SUPPLIED INFORMATION
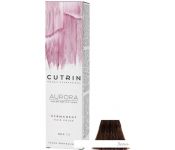 Cutrin Aurora Permanent Hair Color 6.3 60 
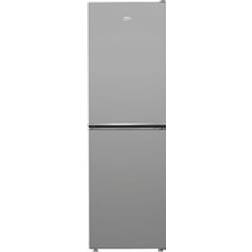 Beko CNG4692S 50/50 Fridge Freezer Silver
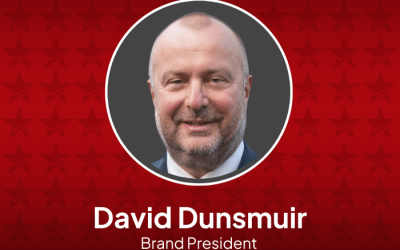 Gotcha Covered names David Dunsmuir President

WORK INSTRUCTION
The whole listing must come back verbatim, with no pictures included.

PROBLEM SOLUTION
 Cutrin Aurora Permanent Hair Color 6.3 60 
 Beko CNG4692S 50/50 Fridge Freezer Silver
 Gotcha Covered names David Dunsmuir President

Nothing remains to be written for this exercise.